• WHAT THE EXERCISE ASKS:
Skip the pictures and copy all the data that follows exactly.

(DATA PROVIDED Opens)

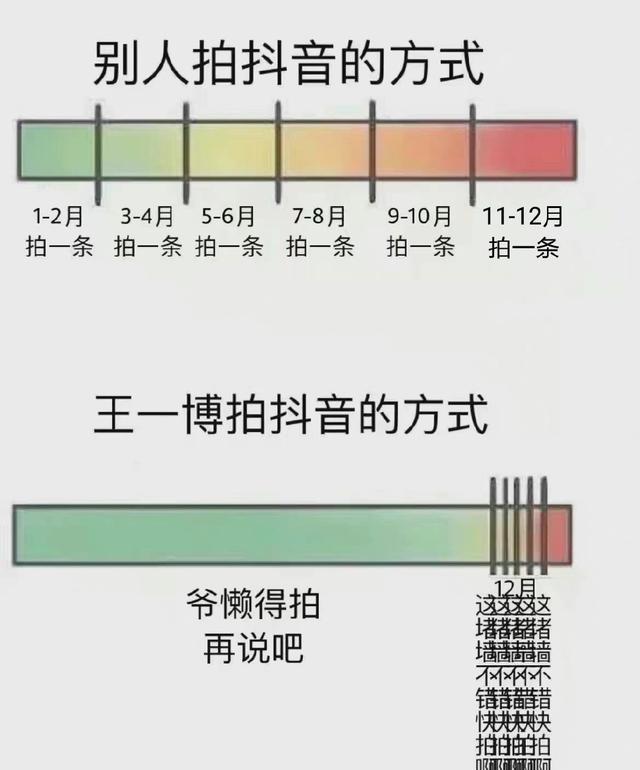 张纯烨|王一博补作业笑翻众人，电台一天三次更新，小视频批发式上架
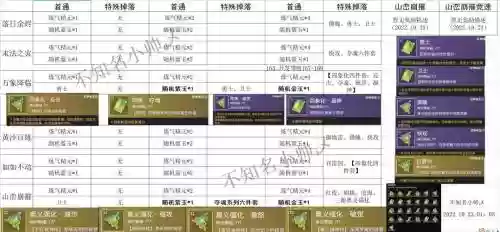 神剑大师技能表，神剑大队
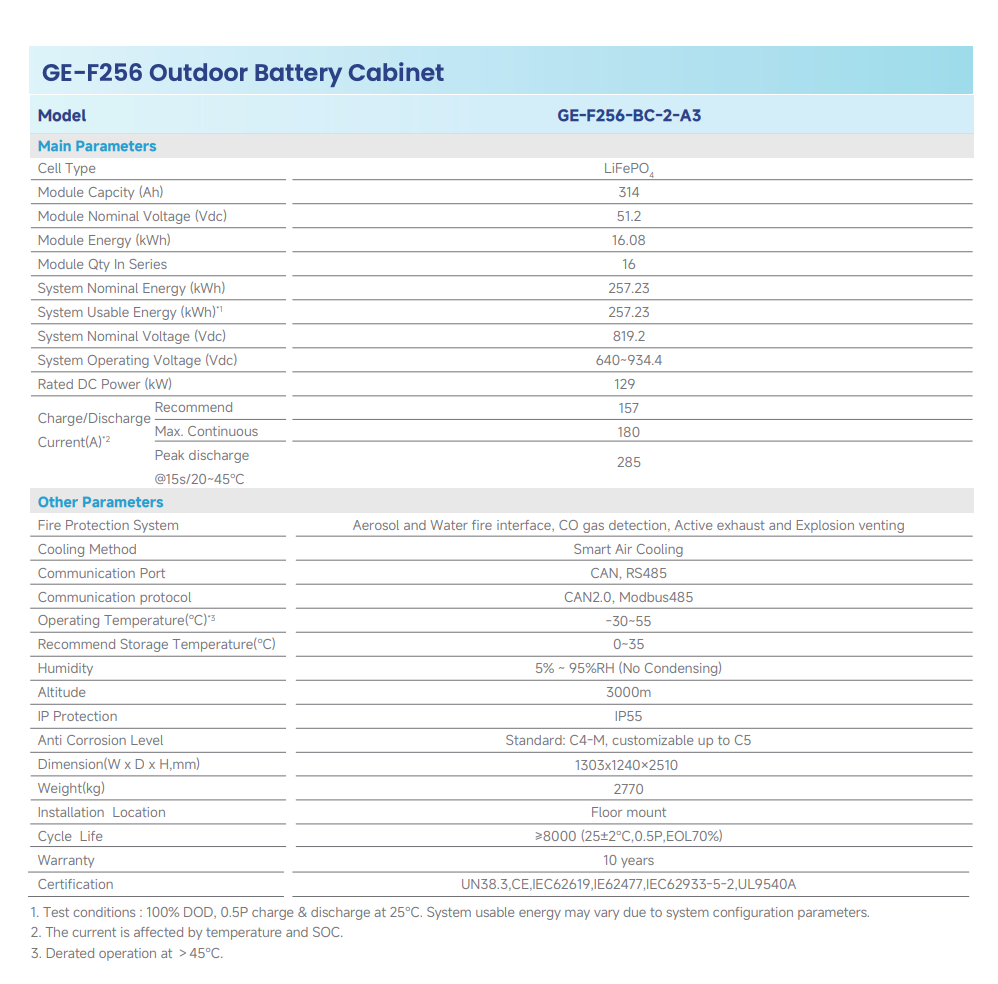 GE-F256 Outdoor Battery Cabinet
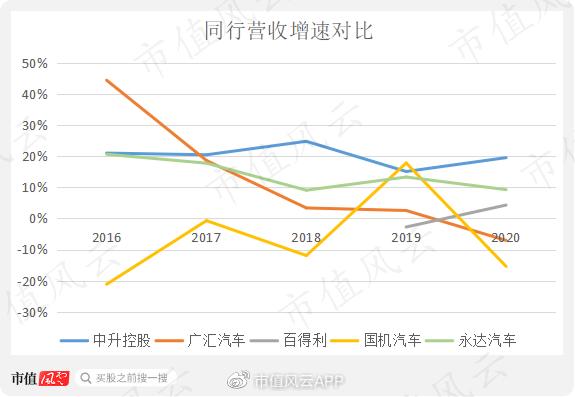 做什么销售可以跑业务赚钱 做什么销售可以快速赚到钱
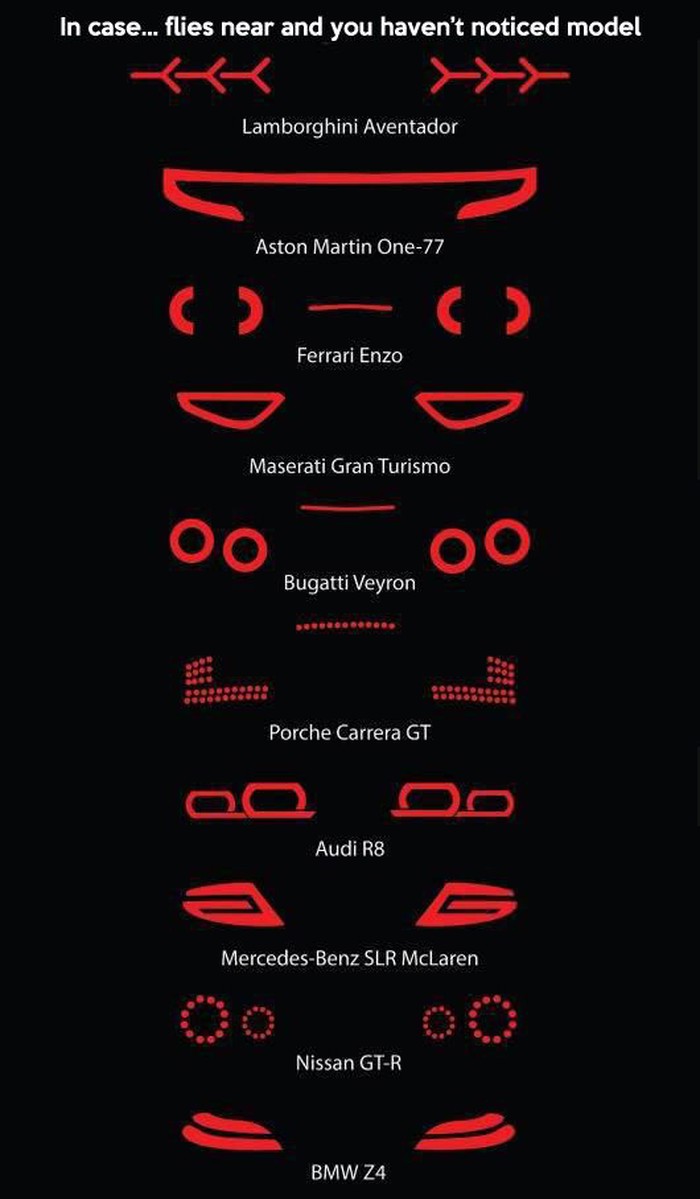 How to recognize a supercar at night?
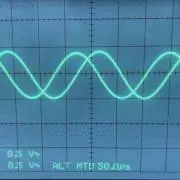 AudioProject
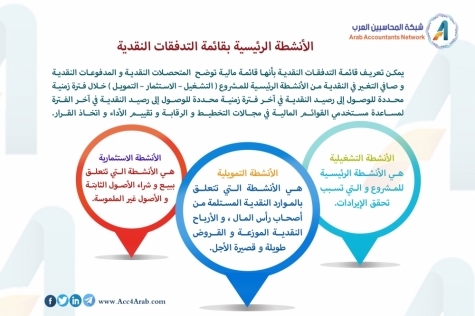 الأنشطة الرئيسية بقائمة التدفقات النقدية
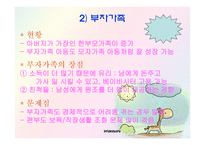 아동복지와 가족-17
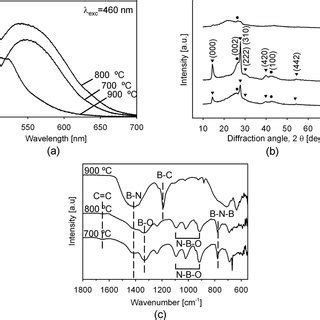 Color Online Excitation And Emission Spectra Of Bcno Phosphor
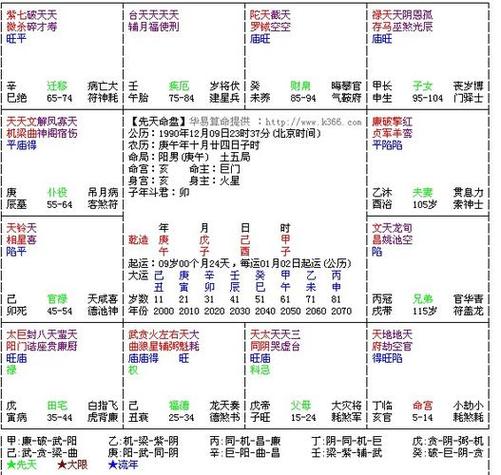 怎么从紫微斗数里看家里丧事 紫微斗数看父母离世-卜安居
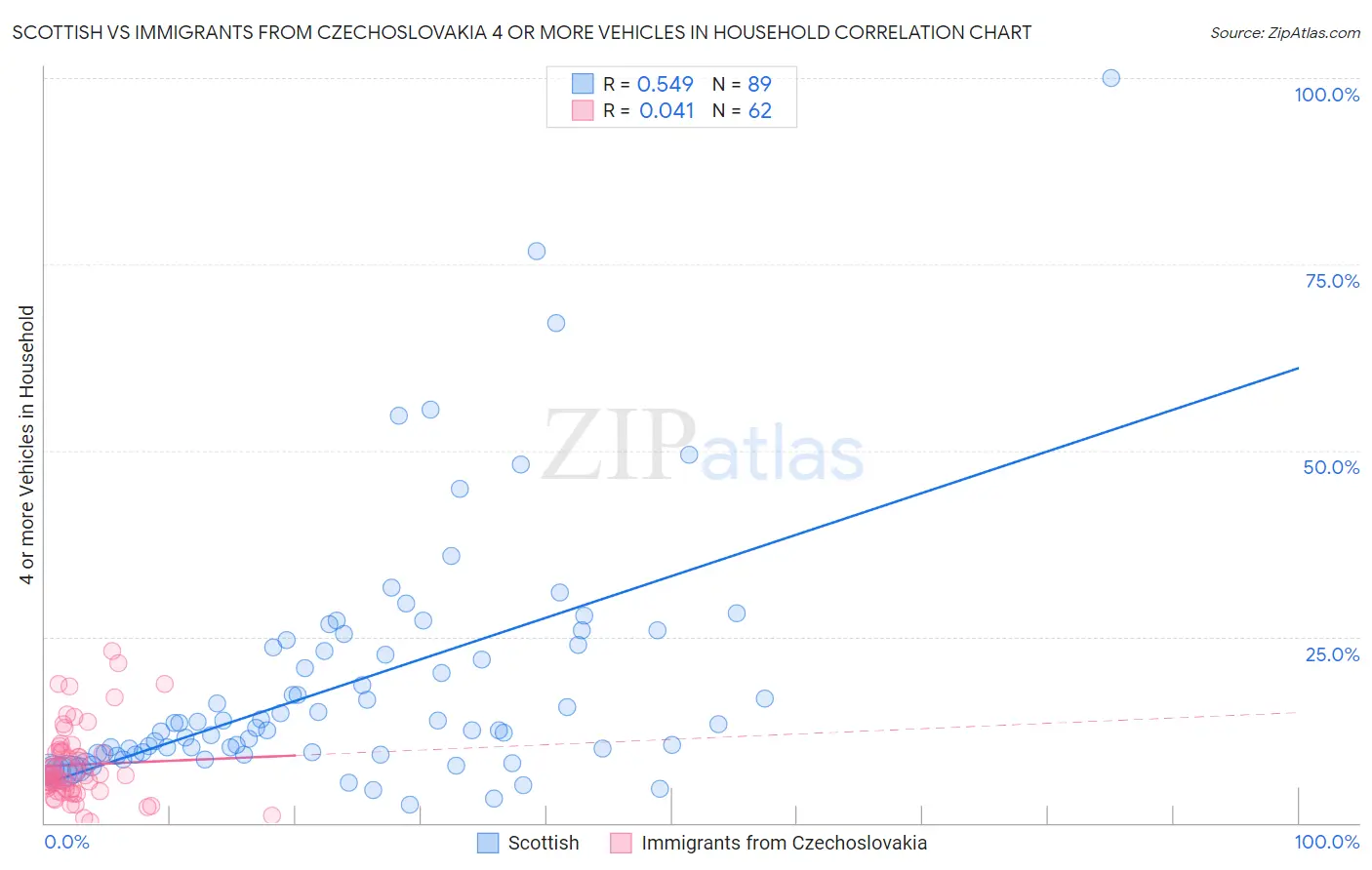 Scottish vs Immigrants from Czechoslovakia 4 or more Vehicles in Household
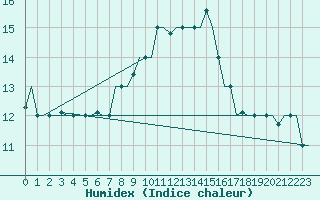 Courbe de l'humidex pour Firenze / Peretola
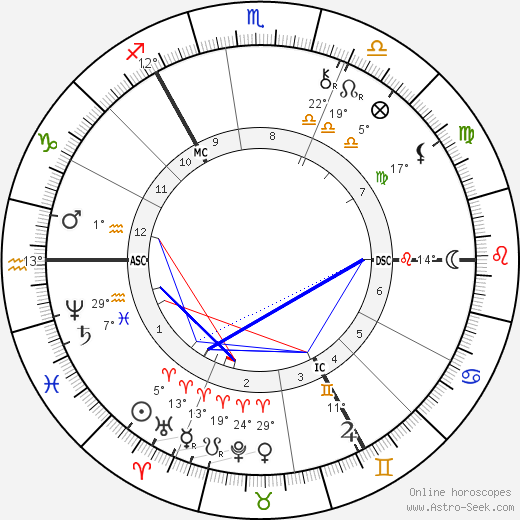 Otto Wallach birth chart, biography, wikipedia 2024, 2025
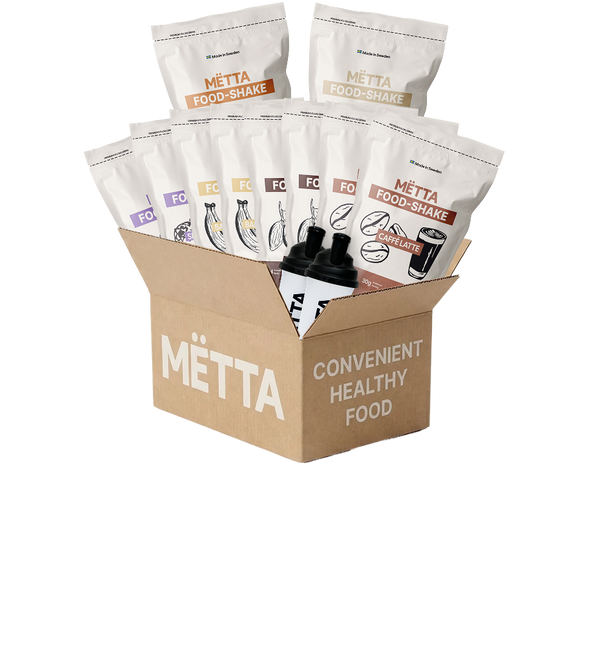 Commitment Bundle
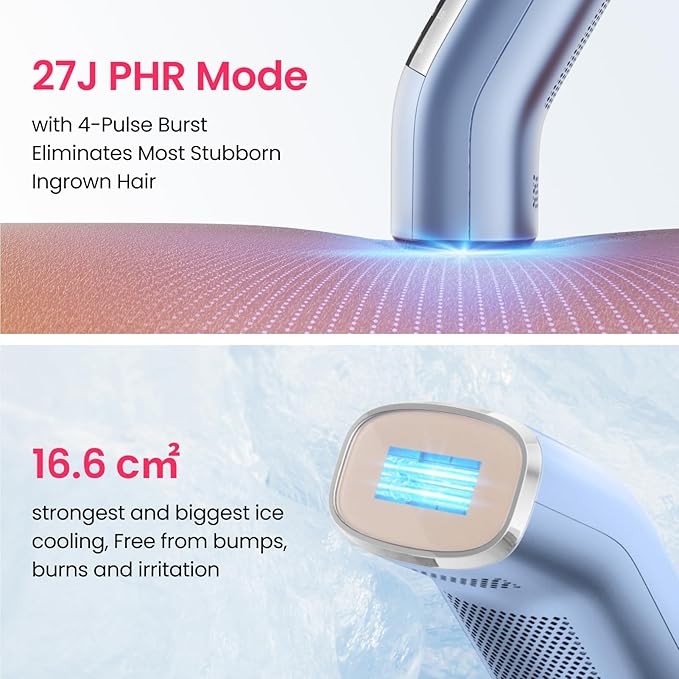 IPL Laser Hair Removal for Women and Men, 2 Lights, 2℃, 16.6 cm² Sapphire Ice Cooling for Sensitive Skin, 4-Pulse Mode for Ingrown Hair, Bikini, Face, Body Permanent Epilator Home Hair Removal Device-VivaGrace Women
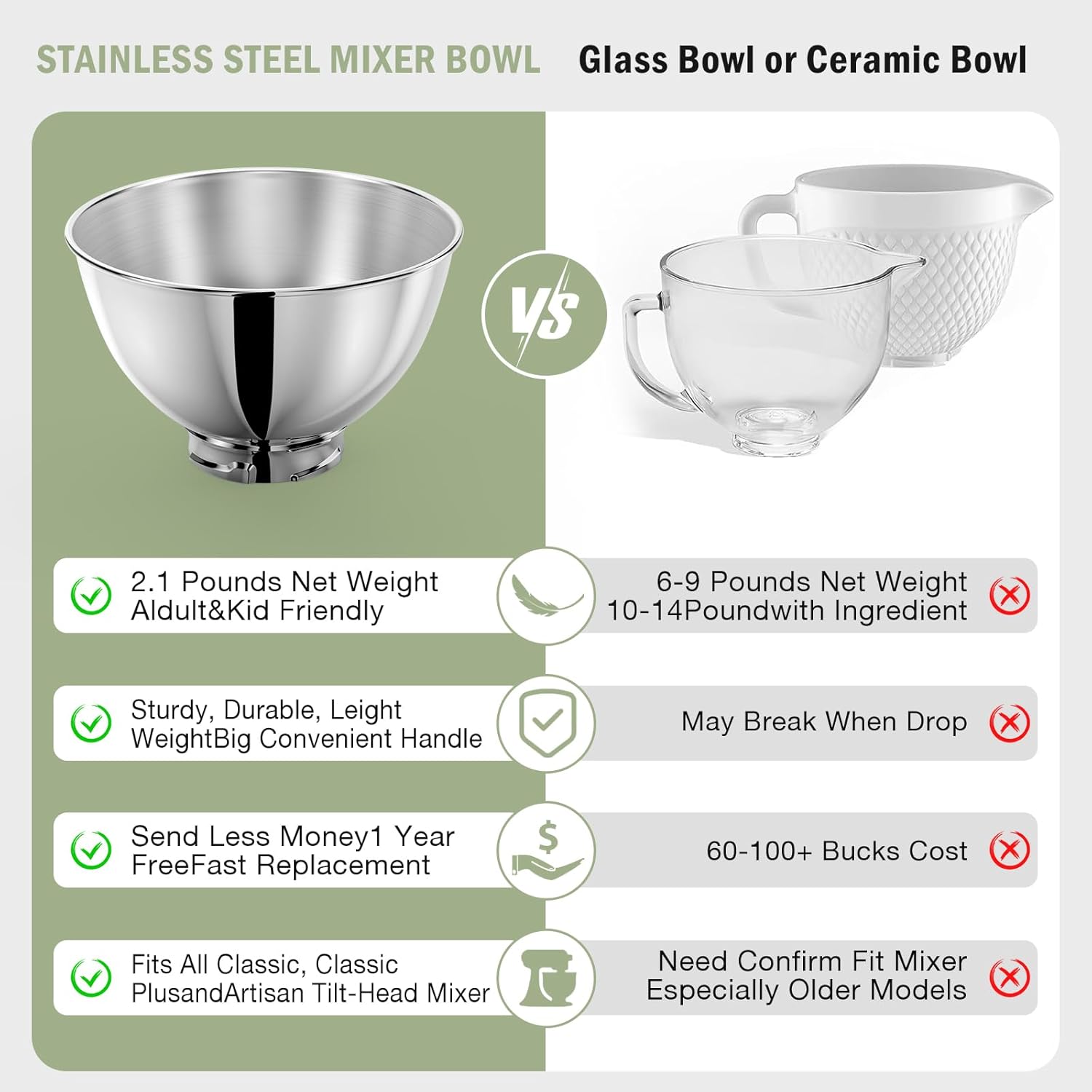 キッチンエイド チルトヘッド 4.5qt 5qt スタンドミ - Kitchenaid Mixer Artisan 5Qt のレビューと価格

(DATA PROVIDED Closes)

• SOLUTION TO THIS PROBLEM:
 张纯烨|王一博补作业笑翻众人，电台一天三次更新，小视频批发式上架
 神剑大师技能表，神剑大队
 GE-F256 Outdoor Battery Cabinet
 做什么销售可以跑业务赚钱 做什么销售可以快速赚到钱
 How to recognize a supercar at night?
 AudioProject
 الأنشطة الرئيسية بقائمة التدفقات النقدية
 아동복지와 가족-17
 Color Online Excitation And Emission Spectra Of Bcno Phosphor
 怎么从紫微斗数里看家里丧事 紫微斗数看父母离世-卜安居
 Scottish vs Immigrants from Czechoslovakia 4 or more Vehicles in Household
 Courbe de l'humidex pour Firenze / Peretola
 Otto Wallach birth chart, biography, wikipedia 2024, 2025
 Commitment Bundle
 IPL Laser Hair Removal for Women and Men, 2 Lights, 2℃, 16.6 cm² Sapphire Ice Cooling for Sensitive Skin, 4-Pulse Mode for Ingrown Hair, Bikini, Face, Body Permanent Epilator Home Hair Removal Device-VivaGrace Women
 キッチンエイド チルトヘッド 4.5qt 5qt スタンドミ - Kitchenaid Mixer Artisan 5Qt のレビューと価格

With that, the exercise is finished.